WHAT YOU NEED TO DO: After locating "沙中金命的女人的桃花运如何" in the listing below, copy that line and each one after it exactly, ending with the line that has "Bett mit Stauraum".

++++ INFORMATION SHOWN ++++

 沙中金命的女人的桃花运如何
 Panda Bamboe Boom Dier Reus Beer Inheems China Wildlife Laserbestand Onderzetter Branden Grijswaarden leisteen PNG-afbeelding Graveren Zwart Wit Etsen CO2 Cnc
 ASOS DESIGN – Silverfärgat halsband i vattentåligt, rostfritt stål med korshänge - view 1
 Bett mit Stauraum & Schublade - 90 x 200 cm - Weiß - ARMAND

++++
++++ INFORMATION SHOWN ++++

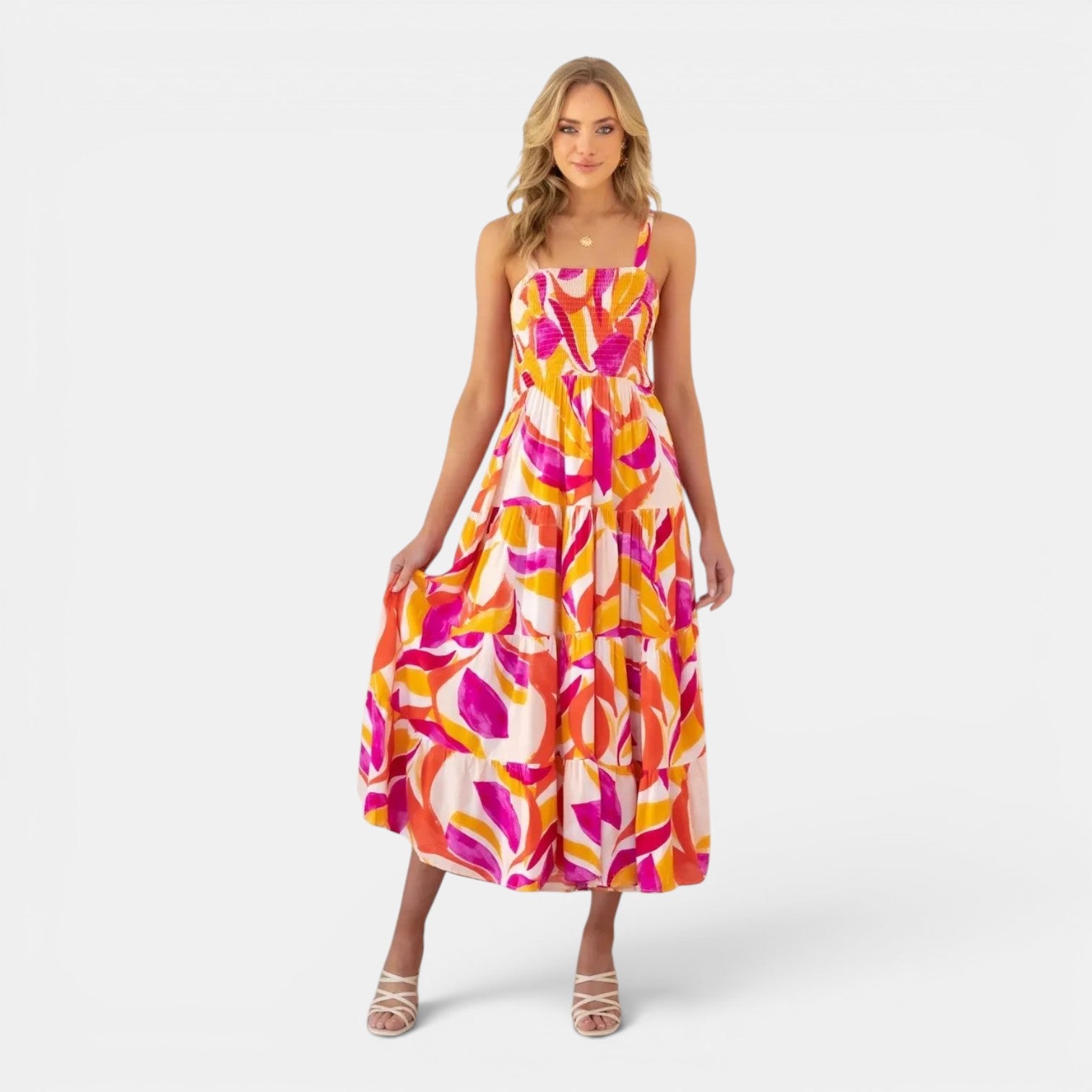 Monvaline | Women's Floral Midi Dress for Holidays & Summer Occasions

++++
++++ INFORMATION SHOWN ++++

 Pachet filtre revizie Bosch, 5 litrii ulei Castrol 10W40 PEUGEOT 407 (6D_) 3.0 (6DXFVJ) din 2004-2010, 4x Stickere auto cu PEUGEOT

++++

COMPLETED EXERCISE:
 沙中金命的女人的桃花运如何
 Panda Bamboe Boom Dier Reus Beer Inheems China Wildlife Laserbestand Onderzetter Branden Grijswaarden leisteen PNG-afbeelding Graveren Zwart Wit Etsen CO2 Cnc
 ASOS DESIGN – Silverfärgat halsband i vattentåligt, rostfritt stål med korshänge - view 1
 Bett mit Stauraum & Schublade - 90 x 200 cm - Weiß - ARMAND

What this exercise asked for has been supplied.